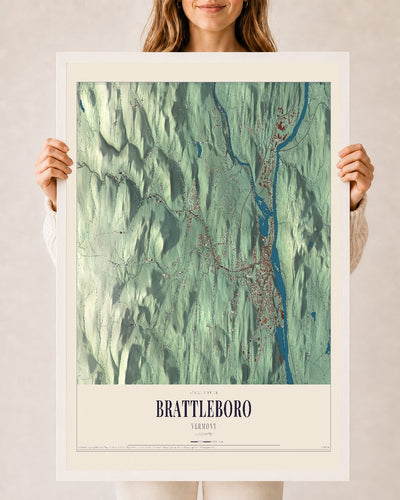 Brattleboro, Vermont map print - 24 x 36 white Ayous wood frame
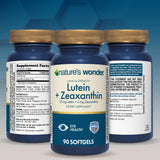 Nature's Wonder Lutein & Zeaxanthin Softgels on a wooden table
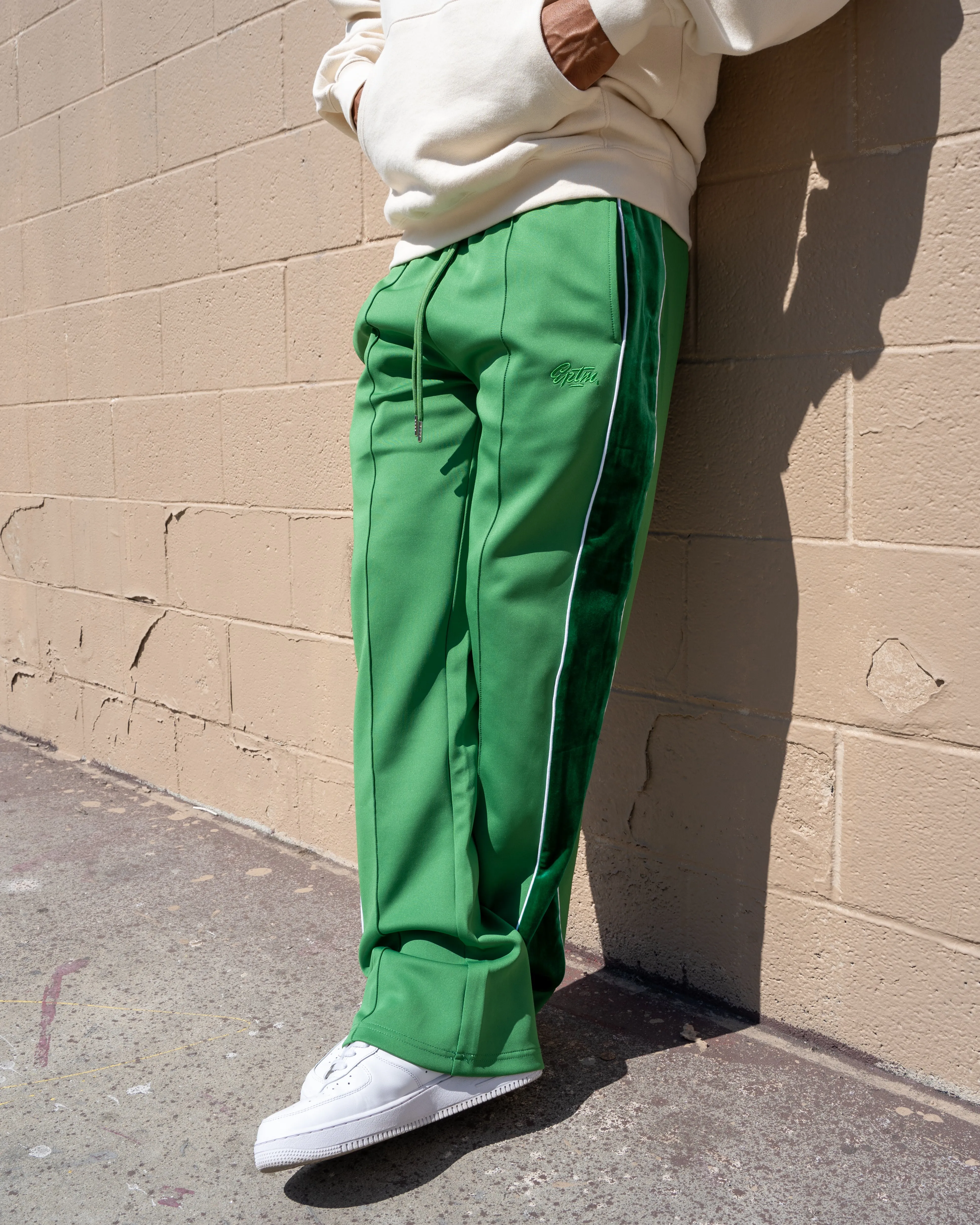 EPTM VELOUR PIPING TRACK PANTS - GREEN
...
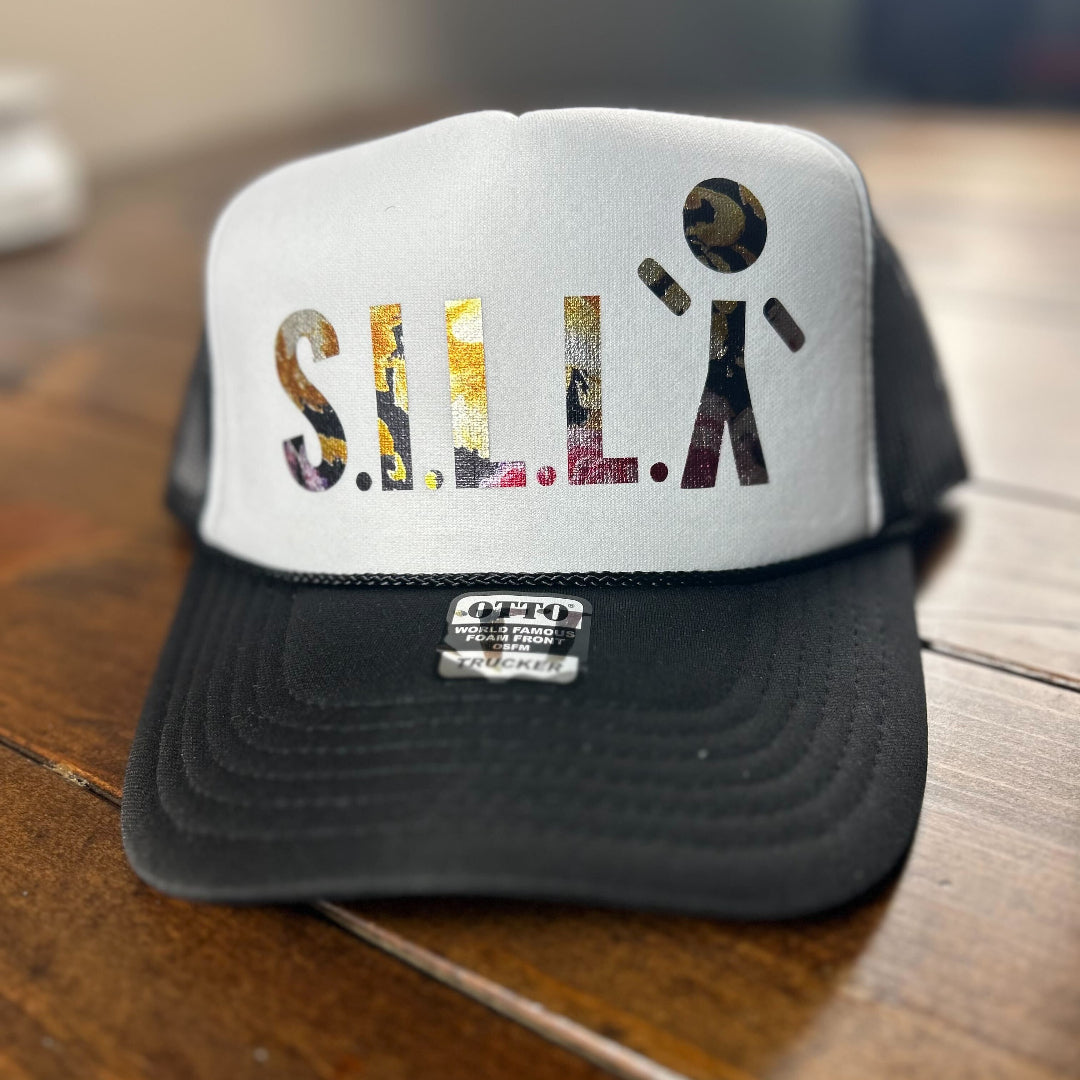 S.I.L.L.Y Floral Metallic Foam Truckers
---
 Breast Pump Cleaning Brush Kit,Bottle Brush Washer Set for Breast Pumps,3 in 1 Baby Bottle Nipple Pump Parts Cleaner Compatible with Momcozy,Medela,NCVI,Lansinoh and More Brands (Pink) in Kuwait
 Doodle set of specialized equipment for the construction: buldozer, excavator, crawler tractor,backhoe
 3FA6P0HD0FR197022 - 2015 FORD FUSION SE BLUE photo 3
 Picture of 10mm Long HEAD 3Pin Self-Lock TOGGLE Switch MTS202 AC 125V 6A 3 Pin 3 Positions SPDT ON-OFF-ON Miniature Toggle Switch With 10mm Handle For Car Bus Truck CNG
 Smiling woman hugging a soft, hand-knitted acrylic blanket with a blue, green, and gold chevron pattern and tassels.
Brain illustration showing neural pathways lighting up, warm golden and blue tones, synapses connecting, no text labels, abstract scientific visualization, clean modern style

## WHAT YOU SHOULD DO
Scan the entries above for the line containing "Picture of 10mm", and copy it and all lines after it exactly, down to and including the line containing "Brain illustration showing".

## PROBLEM SOLUTION
 Picture of 10mm Long HEAD 3Pin Self-Lock TOGGLE Switch MTS202 AC 125V 6A 3 Pin 3 Positions SPDT ON-OFF-ON Miniature Toggle Switch With 10mm Handle For Car Bus Truck CNG
 Smiling woman hugging a soft, hand-knitted acrylic blanket with a blue, green, and gold chevron pattern and tassels.
Brain illustration showing neural pathways lighting up, warm golden and blue tones, synapses connecting, no text labels, abstract scientific visualization, clean modern style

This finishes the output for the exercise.